WHAT THE TASK ASKS.
The lines below must be transcribed exactly as given, with the images removed.

INPUT MATERIAL.
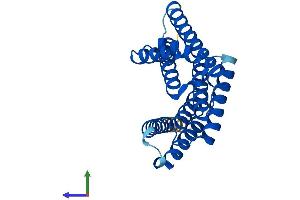 Protein Structure (PS) image for 14-3-3 theta (YWHAQ) (AA 1-245) protein (His tag) (ABIN7556656)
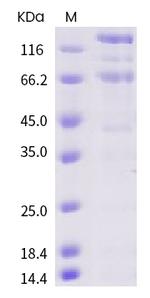SARS-CoV-2 Spike Protein S1/S2 His-Avi Tag Protein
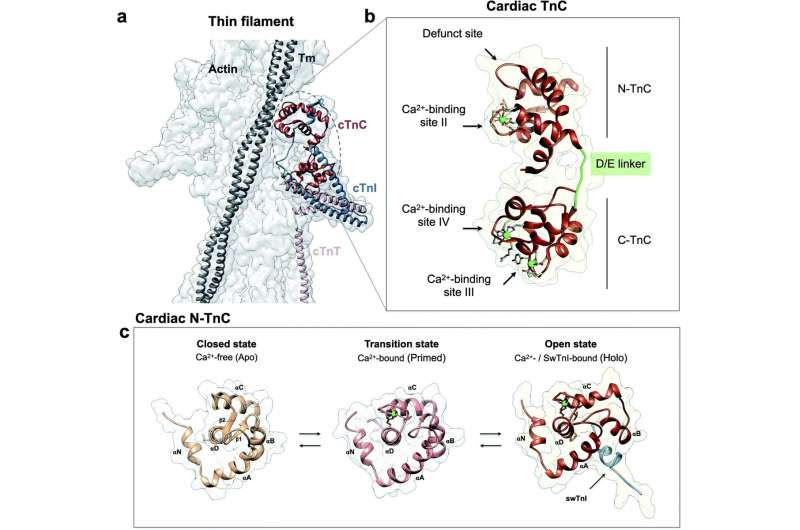 Researchers find small mutation disrupts protein network, causing heart disease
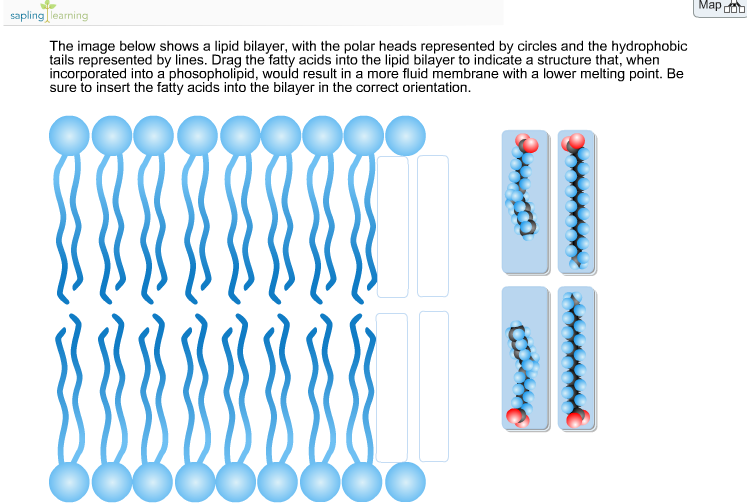 Images below. Липидный бислой. Bilayer. Bi слои. Bacterial channel in lipid membrane.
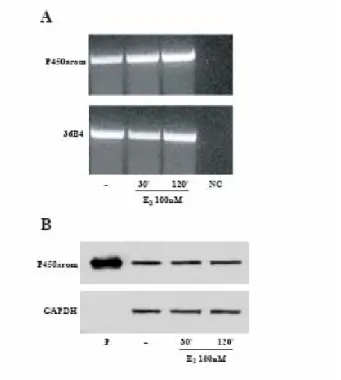 Fig. 6 P450arom mRNA and protein expression in E2  treated MCF-7 cells: MCF-7 cells were 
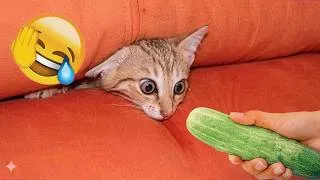 Thumbnail: Funny Cats 2026 | The Most Viral Cat Fails and Hilarious Moments That Will Make You Laugh Nonstop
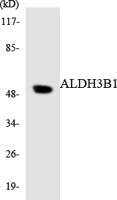 ALDH3B1 Polyclonal Antibody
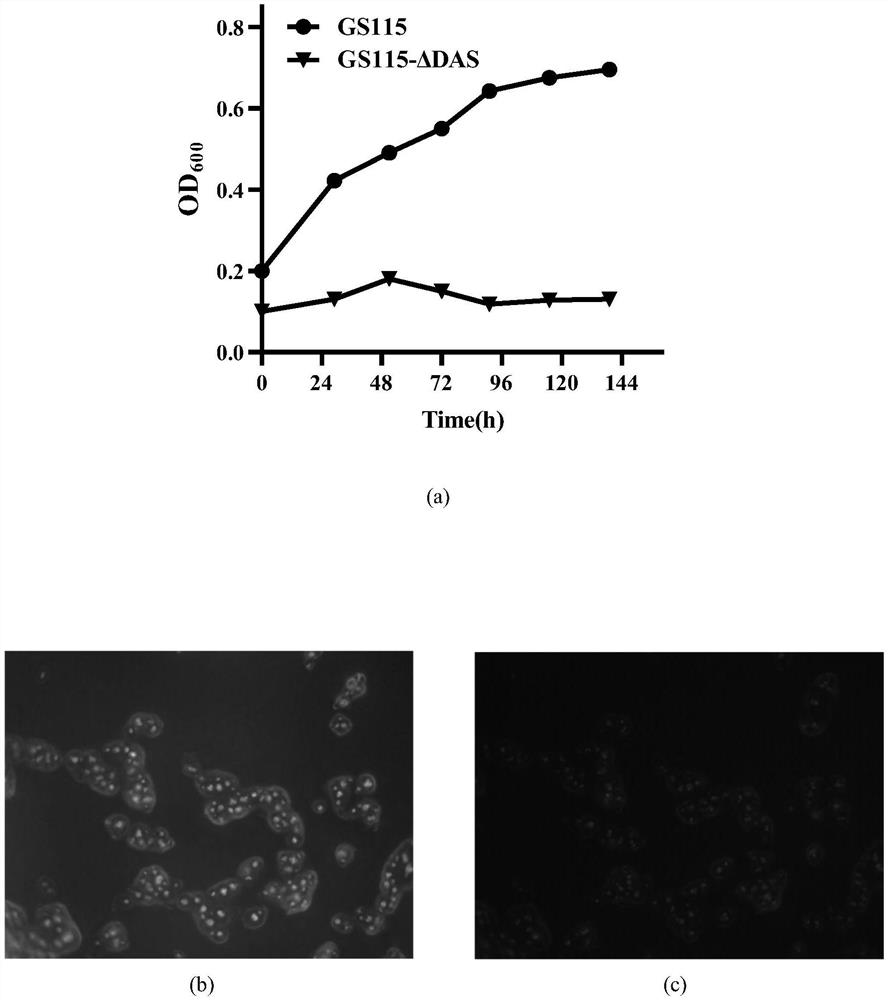 Construction of pichia pastoris genetically engineered bacterium and application of pichia pastoris genetically engineered bacterium in improvement of methanol assimilation rate and fixation of carbon dioxide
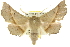  (Antictenia torta - 10ANIC-11258)  @15 [ ] CreativeCommons - Attribution (2010) CBG Photography Group Centre for Biodiversity Genomics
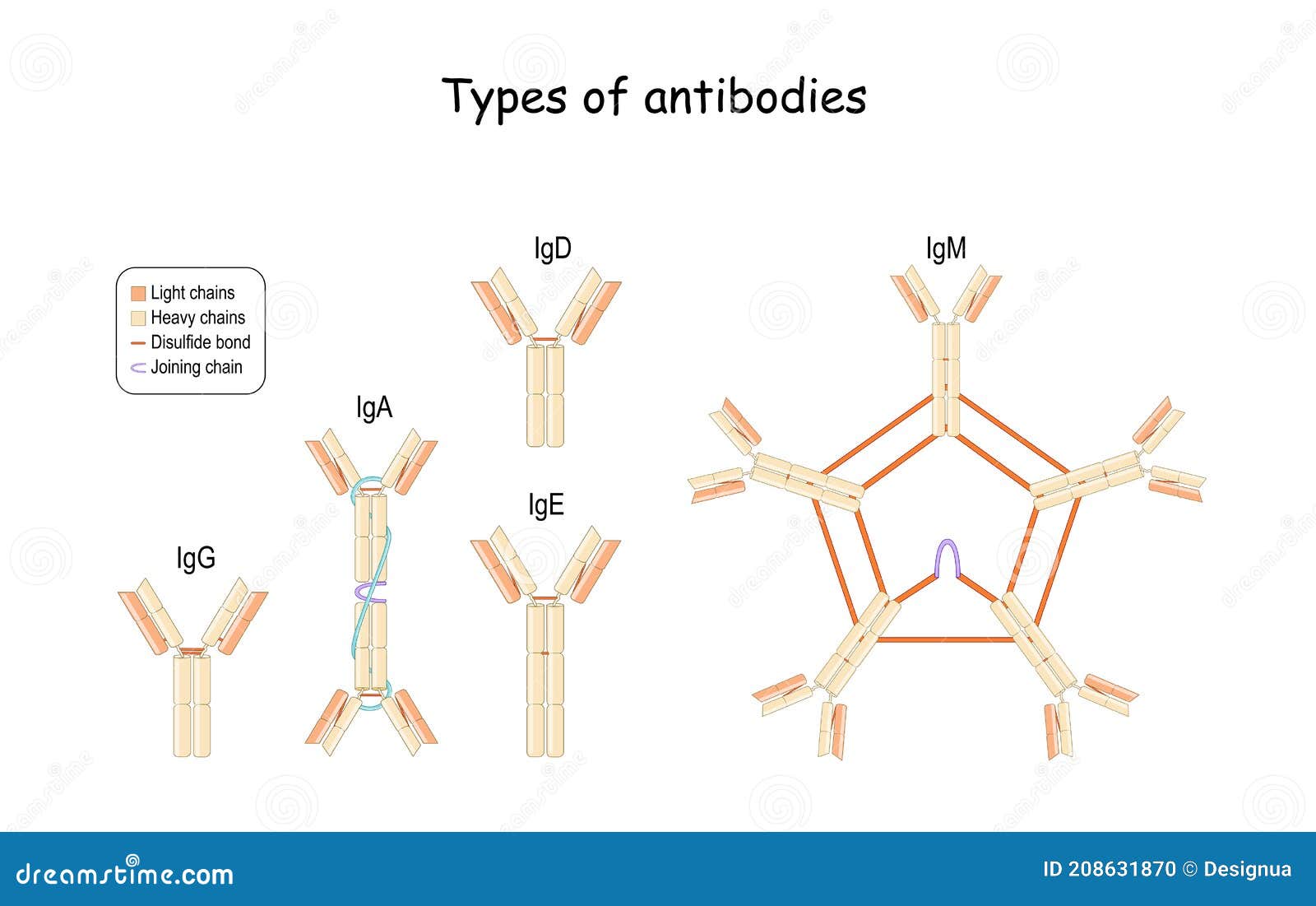 Иммуноглобулины iga igm igg. Antibody Types. Секреторный iga. Iga антитела. Classes of the Immunoglobulin.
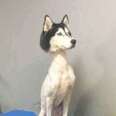 Viral Photo Of Shaved Husky Raises An Interesting Question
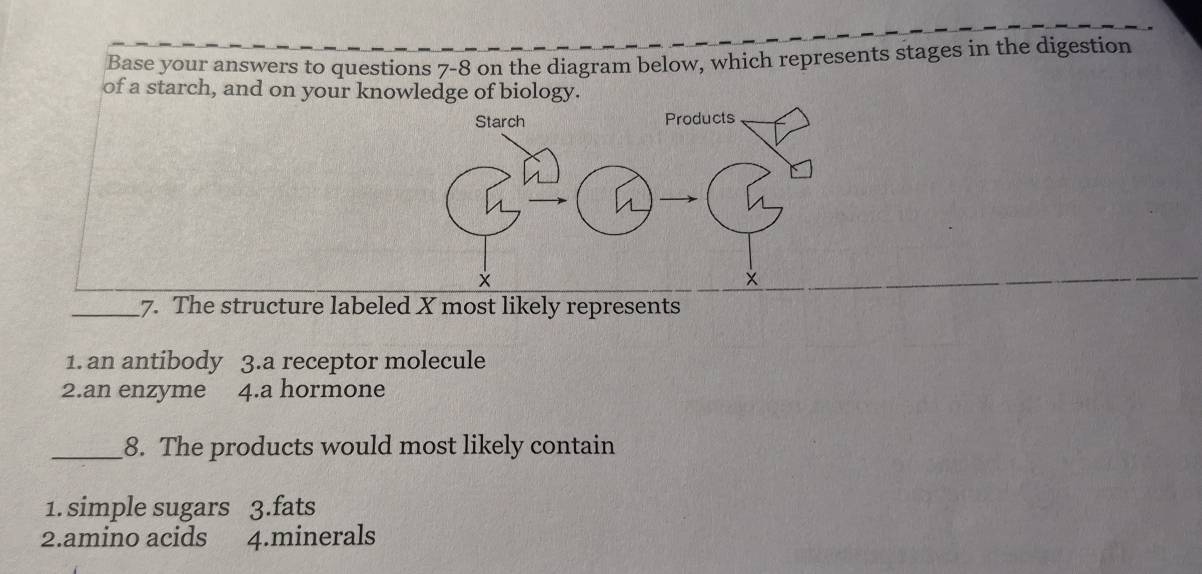 Base your answers to questions 7-8 on the diagram below, which represents stages in the digestion 
of a starch, and on your knowledge of biology. 
_7. The structure labeled X most likely represents 
1. an antibody 3.a receptor molecule 
2.an enzyme 4.a hormone 
_8. The products would most likely contain 
1. simple sugars 3.fats 
2.amino acids 4.minerals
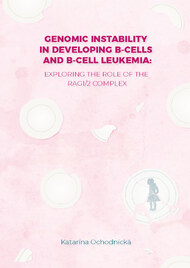 Genomic instability in developing B-cells and B-cell leukemia:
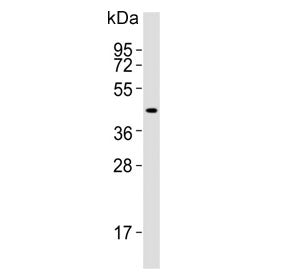 INDOL1 Antibody / IDO2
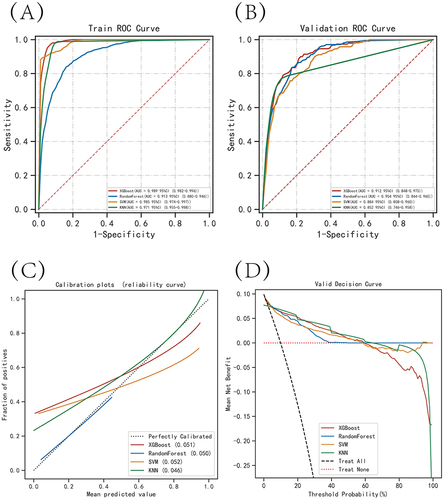 Figure 3 Evaluation of the four models for predicting VTE. (A) ROC curves for the training set of the four models. (B) ROC curves for the validation set of the four models. (C) Calibration plots of the four models. The 45-degree dashed line in each plot represents the ideal correspondence between the predicted (x-axis) and observed (y-axis) probabilities of complications. The closer the distance between the two curves, the higher the predictive accuracy. (D) DCA curves of the four models. The point of intersection between the red curve and the “All” curve represents the baseline or starting point, while the point of intersection between the red curve and the “None” curve indicates the decision node where the corresponding patients may derive benefit.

ANSWER FOR THE TASK.
 Protein Structure (PS) image for 14-3-3 theta (YWHAQ) (AA 1-245) protein (His tag) (ABIN7556656)
SARS-CoV-2 Spike Protein S1/S2 His-Avi Tag Protein
 Researchers find small mutation disrupts protein network, causing heart disease
 Images below. Липидный бислой. Bilayer. Bi слои. Bacterial channel in lipid membrane.
 Fig. 6 P450arom mRNA and protein expression in E2  treated MCF-7 cells: MCF-7 cells were 
 Thumbnail: Funny Cats 2026 | The Most Viral Cat Fails and Hilarious Moments That Will Make You Laugh Nonstop
 ALDH3B1 Polyclonal Antibody
 Construction of pichia pastoris genetically engineered bacterium and application of pichia pastoris genetically engineered bacterium in improvement of methanol assimilation rate and fixation of carbon dioxide
  (Antictenia torta - 10ANIC-11258)  @15 [ ] CreativeCommons - Attribution (2010) CBG Photography Group Centre for Biodiversity Genomics
 Иммуноглобулины iga igm igg. Antibody Types. Секреторный iga. Iga антитела. Classes of the Immunoglobulin.
 Viral Photo Of Shaved Husky Raises An Interesting Question
 Base your answers to questions 7-8 on the diagram below, which represents stages in the digestion 
of a starch, and on your knowledge of biology. 
_7. The structure labeled X most likely represents 
1. an antibody 3.a receptor molecule 
2.an enzyme 4.a hormone 
_8. The products would most likely contain 
1. simple sugars 3.fats 
2.amino acids 4.minerals
 Genomic instability in developing B-cells and B-cell leukemia:
 INDOL1 Antibody / IDO2
 Figure 3 Evaluation of the four models for predicting VTE. (A) ROC curves for the training set of the four models. (B) ROC curves for the validation set of the four models. (C) Calibration plots of the four models. The 45-degree dashed line in each plot represents the ideal correspondence between the predicted (x-axis) and observed (y-axis) probabilities of complications. The closer the distance between the two curves, the higher the predictive accuracy. (D) DCA curves of the four models. The point of intersection between the red curve and the “All” curve represents the baseline or starting point, while the point of intersection between the red curve and the “None” curve indicates the decision node where the corresponding patients may derive benefit.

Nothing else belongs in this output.